適当にはぐらかすノゾミに対してアユムはそれ以上追求すること無く、一言「ふーん」と興味無さ気に声をもらしただけだった。
そのまま二人とも音も立てずに別々の景色を眺めていた。だが不意にノゾミは軽く息を吐くと、「よっ」という掛け声と共に跳ね起きた。

「落ち着いた?」
「うん。そろそろ町に行くか」
「そだね」

ノゾミに続いてアユムも立ち上がる。先ほどよりも涼しげな風が通り過ぎ、少し汗ばんでいたノゾミの体を冷ましていく。
空を覆っていた雲は途切れ、少しだけ太陽が姿を覗かせていた。




◇◆◇◆◇◆◇◆◇◆◇◆




二人はメンダスィアンの町に到着し、シュウの顔でも見に行こうとノーランの宿へと向かっていた。シュウが始めに言った通り町自体はさほど大きくないが活気には溢れている。露天がいくつも立ち並び、石畳で舗装された通りを歩く人々を捕まえようと口々に声を張り上げる。
熱気に溢れたそれらを冷やかしながらノゾミたちは歩いていき、ノーランの宿にたどり着くが、宿の周りには人集りができていた。その中に見覚えのある顔。

「シュウ! ノーラン!」
「ノゾミ兄ちゃん!」
「おお、ノゾミにアユム! いいところに来たな!」

ノゾミが二人に声を掛けるとシュウは嬉しそうに、そしてノーランは待ってましたとばかりに二人を人集りの中へ引きずり込んだ。

「ちょっ! いきなり何すんだよ!?」
「いいから! お前たちにも悪くねえ話だからよ。
 ほれ、コイツらがさっき話してた二人だ。

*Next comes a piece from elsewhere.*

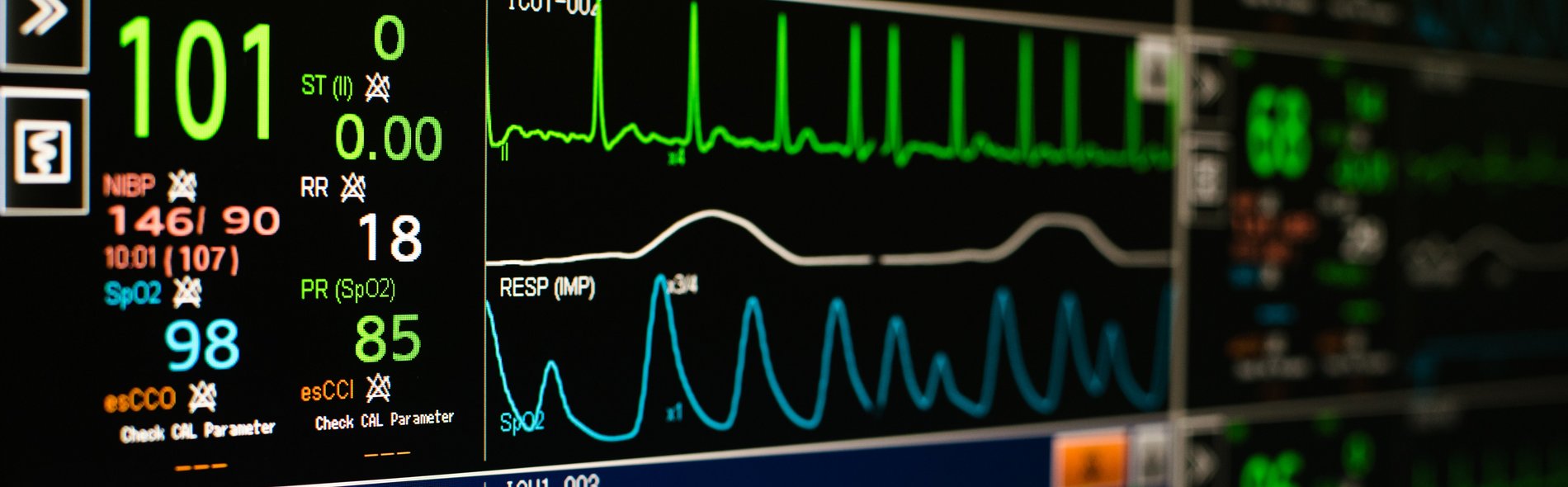 Monitoring Herzmedizin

見た目はこんなんだが腕は確かだ」

抗議の声をノゾミが上げるが、ノーランは黙らせるとノゾミとアユムの背中を押して一人の男の前に出す。

「貴方達がノーランさんが仰っていた旅人さんですか!? ぜひ、ぜひ私たちを助けて下さい!」

そう言って長身で灰銀の髪を持つその男はノゾミとアユムに頭を下げる。が、事情を飲み込めない二人は揃ってノーランを見つめ、その視線の意味に気づいたノーランはやっと事情を説明し始めた。

「この人は王都の魔法学校の教師らしいんだがな……」

ノーランが言うには、メンダスィアン近くの森に王都の魔法学校から野外学習としてやってきているらしく、三日間生徒だけで生活をさせていた。この行事自体はすでに別の町で行われており、大多数の生徒は合格しており、今は落第した十人程度の生徒だけが今回の学習に参加していた。
メンダスィアン周辺には特に危険な生物もおらず、十分生徒だけで対処できるはず、との判断で補習という形で今回改めて行われている。二日間は特に大きな問題も起こらず、順調に進んでいた。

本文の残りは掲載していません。